Roger turned away from the gate of the gaol, sick at heart. He scarcely remembered even to thank the friendly porter, and turned back to repair the omission.
“If you be thankful to me,” was the porter’s significant answer, “look you take my counsel.”
Slowly, as if he were walking in a dream, and scarcely knew where he was going, Roger made his way back to the Star. There all was bustle and commotion, for some people of high rank had just arrived on a pilgrimage to the shrine of Saint Thomas of Canterbury, or rather to the place where the shrine had stood in past ages. King Henry the Eighth had destroyed the shrine, and a soldier had “rattled down proud Becket’s glassy bones,” but the spot where it had been was considered holy, and the poor deluded people even yet sometimes came to worship there, and to make their painful way up the Pilgrims’ Stairs, which they had to ascend on their knees.
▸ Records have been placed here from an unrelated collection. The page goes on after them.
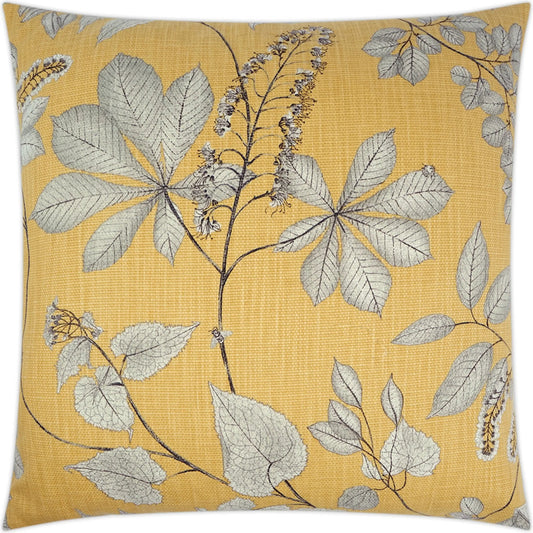 Arboretum Pillow by DV Kap Home in yellow. Made from 100% cotton in a unique style.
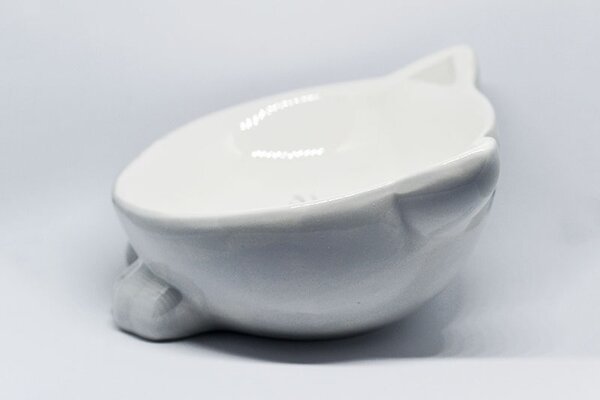 Ergonomická vyvýšená miska v tvare mačky svetlosivá 0.15 l/ø 14 cm, Trixie, Výber Kupujem pre útulkáčov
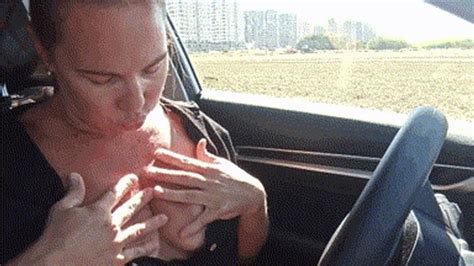 Big Tits Bounce When I Cant Start My Car And Pedal Press 2 Horny And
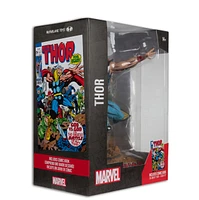 Marvel Thor 1:6th Scale Collectible with Scene & Comic (The Mighty Thor #177) 
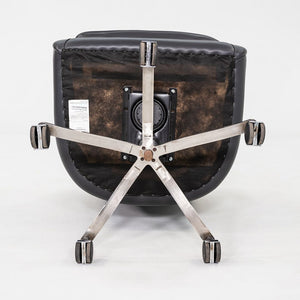 2006 Nicos Zographos Alpha Bucket Executive Desk Chair in Grey Leather 9x Avail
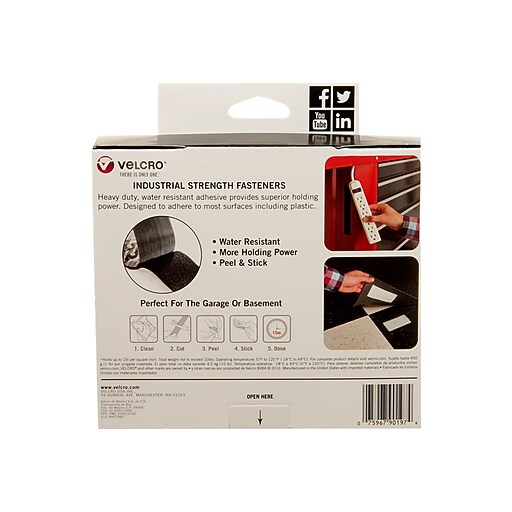 VELCRO® Brand IndustrialStrength Tape, Black Staples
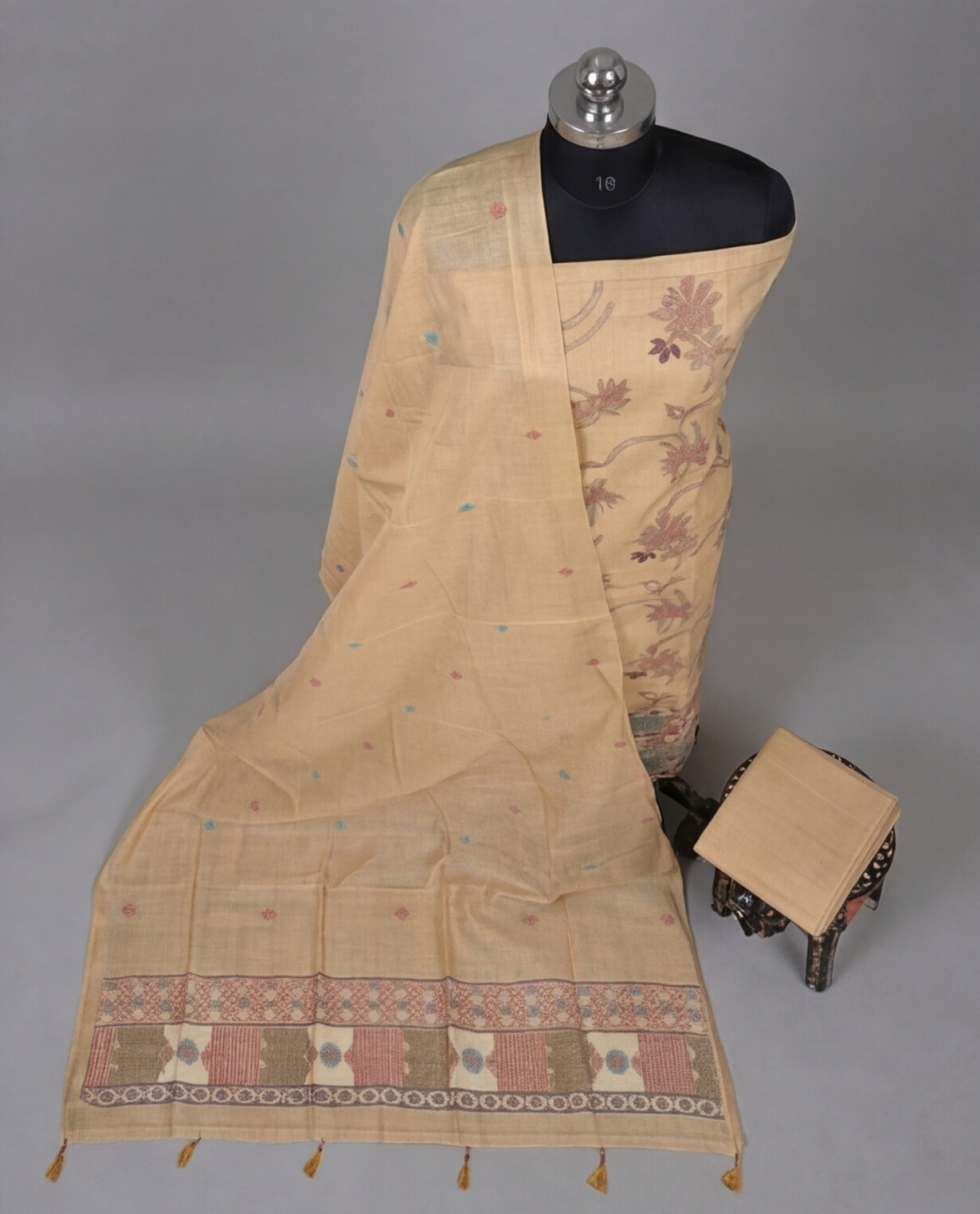 Premium Chanderi Thread - Beige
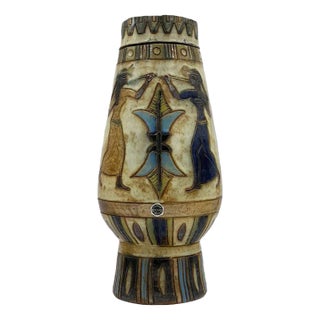 Antique Art-Deco Vase by Roger Cuerin, 1920s For Sale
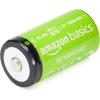 imageAmazon Basics 4Pack Rechargeable C Cell NiMH Batteries 5000 mAh Recharge up to 1000x Times PreChargedC Cell HR14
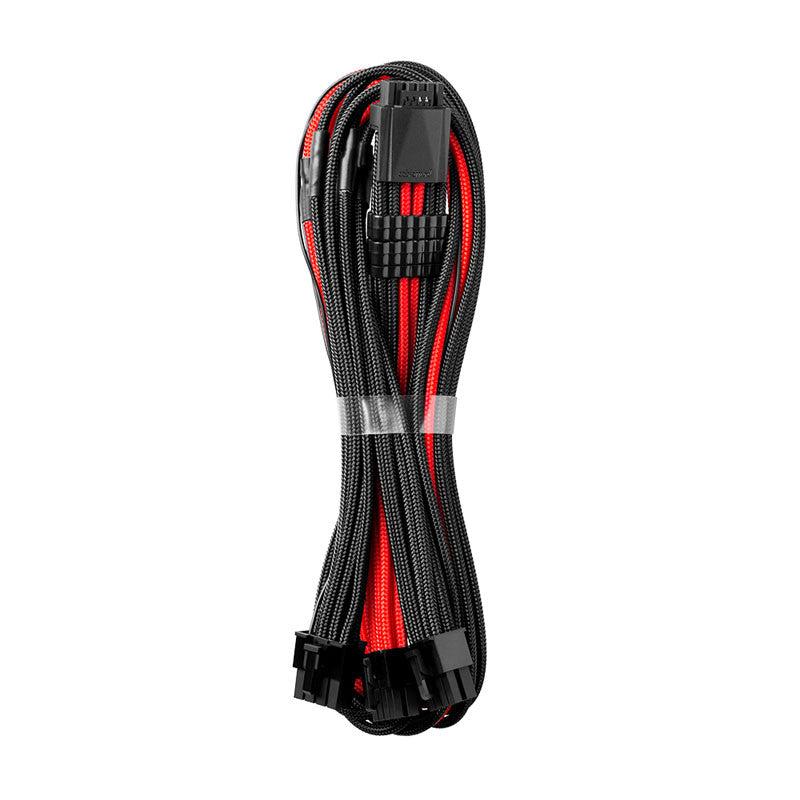 CableMod RT-Series Pro ModMesh 12VHPWR Till 3x PCI-e-kabel För ASUS/Seasonic - 60 Cm, Svart/röd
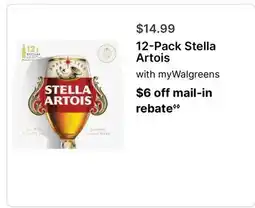 Walgreens 12-Pack Stella Artois offer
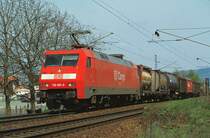 152 051-9 am 08.04.2000 bei L�tzelsachsen / Bergstr.     www.eiserbahn.de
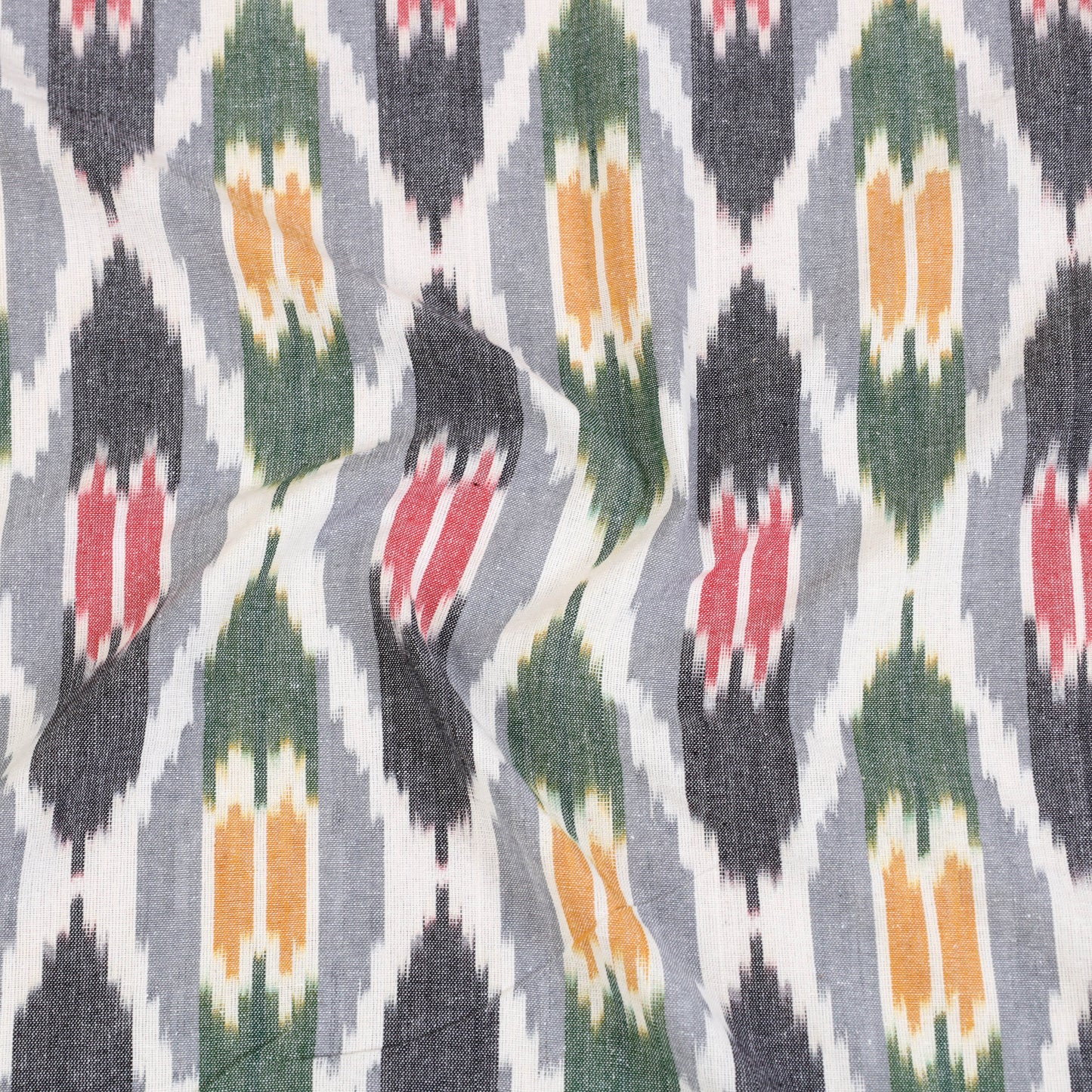 Handloom cotton single pochampally ikat bed sheet (90 x 60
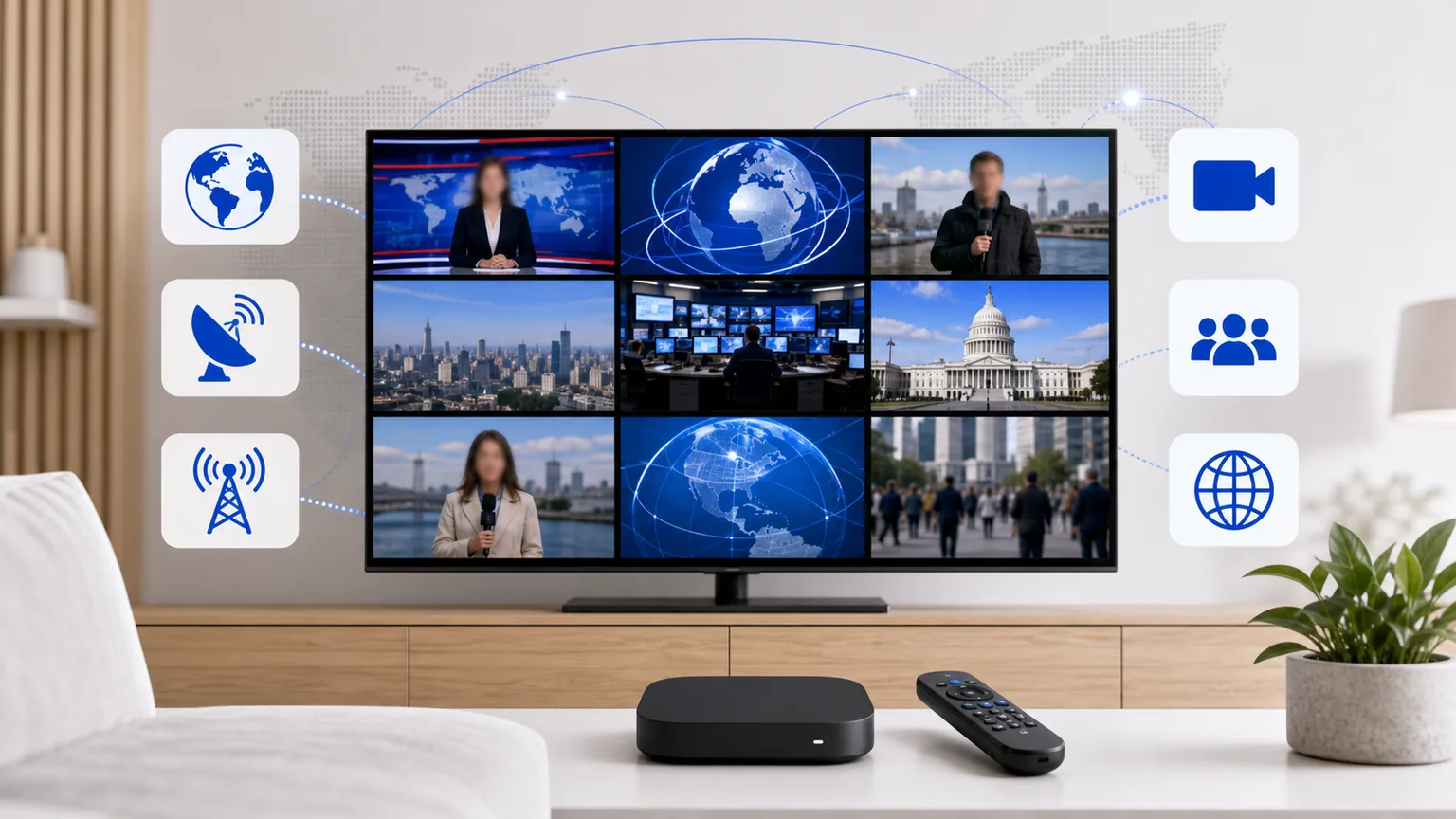 Nyhetskanaler via IPTV 2026 — CNN, BBC, SVT och mer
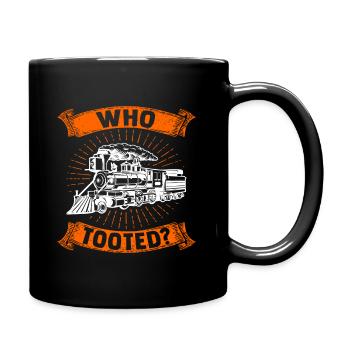 Modélisme ferroviaire, locomotive, locomotive à vapeur, cheminot - Mug uni - noir - Droite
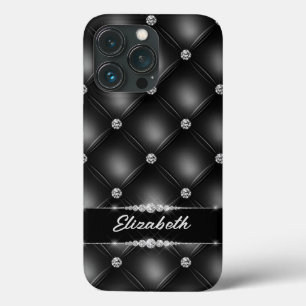 Luxus Black Bling Sparkle Diamond Individuelle Nam Case-Mate iPhone Hülle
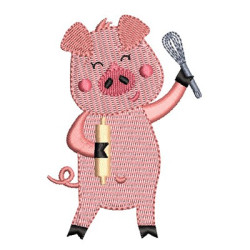 Embroidery Design Pork Cook 4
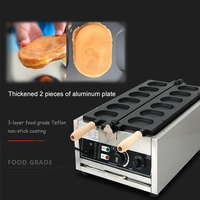 Machine ronde de gaufrier de fromage de machine professionnelle commerciale de Offre Spéciale pour le magasin d'alimentation
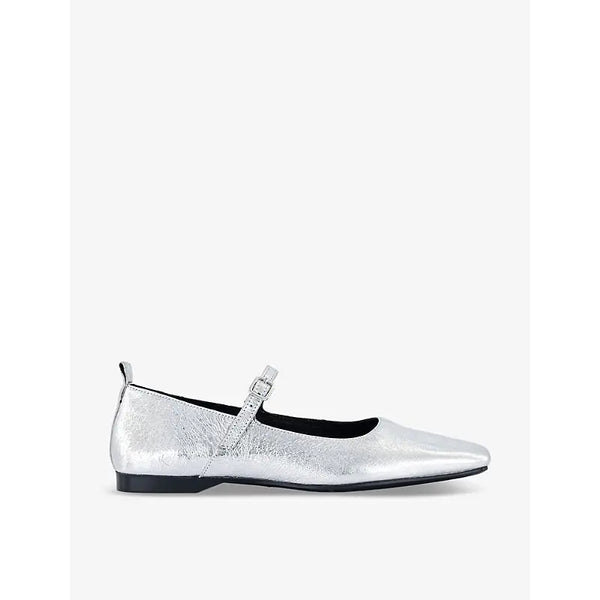 Vagabond Shoemakers Delia metallic-leather Mary Jane flats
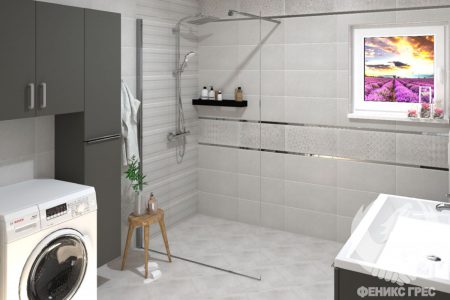 Dafne Perla 25x50 серия плочки за баня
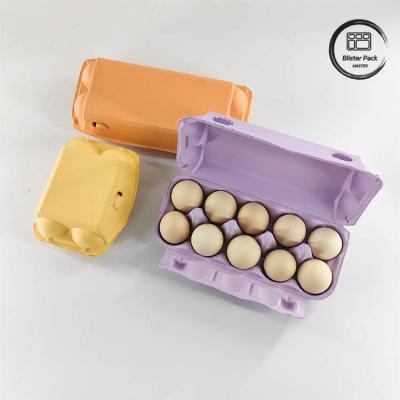 China Op maat gemaakte Eco Quail Egg Packaging 12 6 4 Paper Pulp Box Eierdozen Voor Kipeneieren Te koop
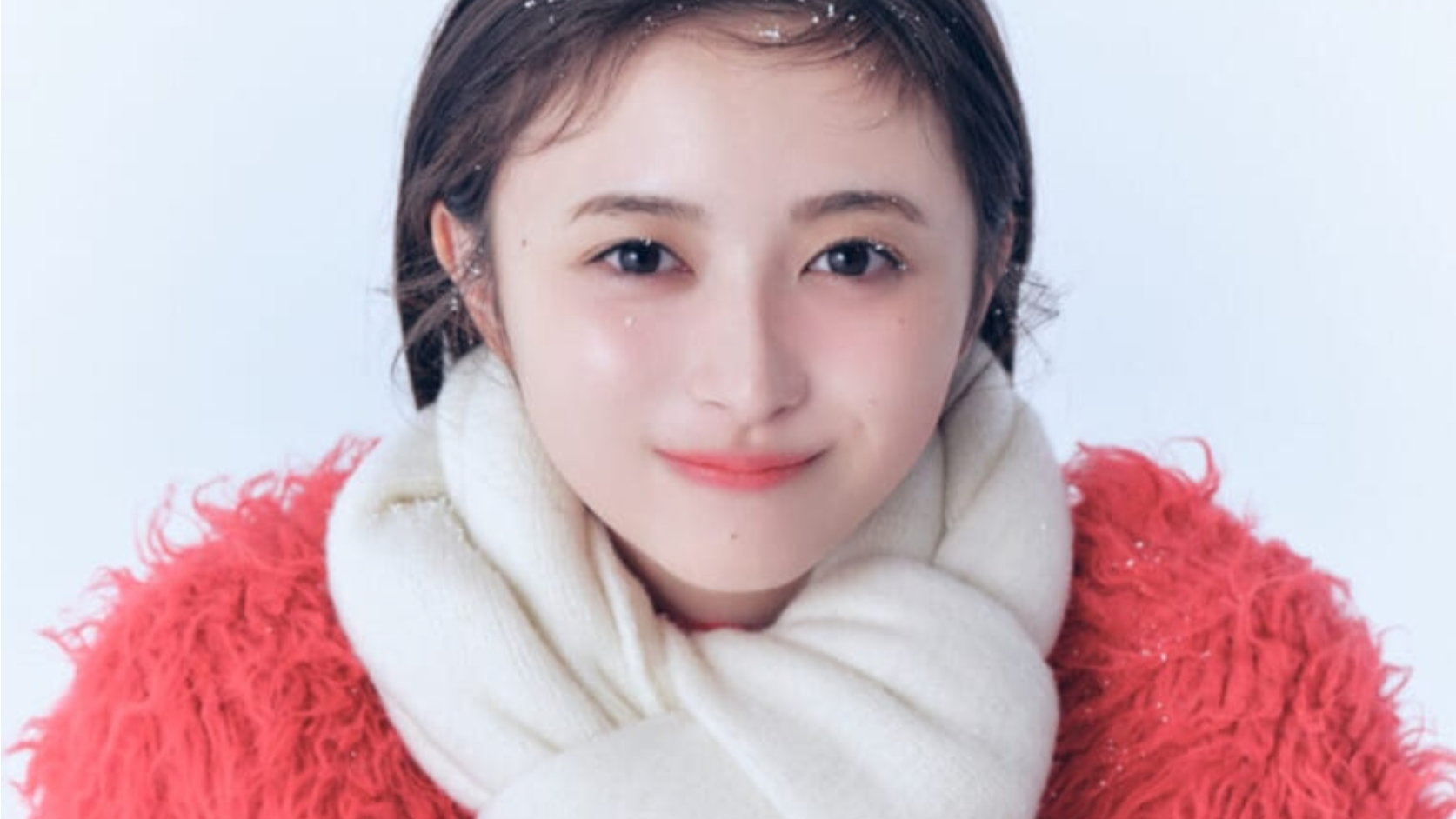 ピュアなホワイトマフラー×井上和】にゃぎのぐるぐるマフラーVol.4
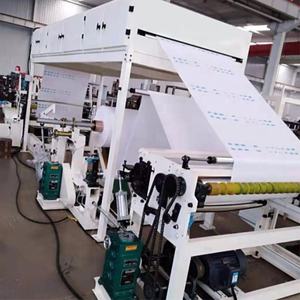 Populaire en Turquie Pakistan Inde Yémen Maroc EAU automatique crêpe papier de soie cou rouleaux de papier faisant prix de la <span class=keywords><strong>machine</strong></span> de découpe - Product Image 5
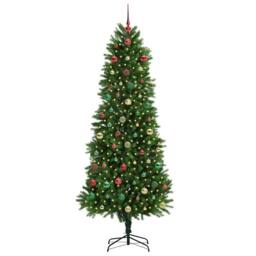 Berkfield Home Christmas Tree with 300 LEDs with Stand Green 240 cm PE - thumbnail 4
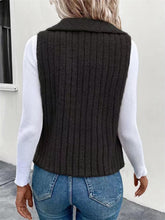 Load image into Gallery viewer, Open Front Fuzzy Vest Coat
Those stairs are now to be seen in Canterbury Cathedral, worn by the thousands of knees which went up them, the poor creatures fancying that by this means they would obtain pardon of their sins, or earn a seat in Heaven.
The bustle in the inn rather favoured Roger’s escape. He mounted his horse, tied the basket to his saddle, and rode out of Wincheap Gate, wondering all the while how he could discover the place to which Alice had been removed, and how he should tell Christie. He met several people on the road, but noticed none of them, and reached his own house without having exchanged a word with any one he knew. He let himself in, and with a sinking heart, opened the parlour door.
“Dear heart, Master Hall!” said the voice of Collet Pardue, who was seated by Christie’s couch, “but there’s ill news in your face! What’s ado, prithee?”
“Oh, Father, is Aunt Alice sick?” cried Christie.
Roger came round to the couch, and knelt down, one hand clasping that of his little girl, and the other tenderly laid upon her head.
“My Christie,” he said, “they have taken Aunt Alice away, I know not whither. But our Father knows. Perchance He will show us. But whether or not, all is well with her, for she is in His care that loveth her more than we.”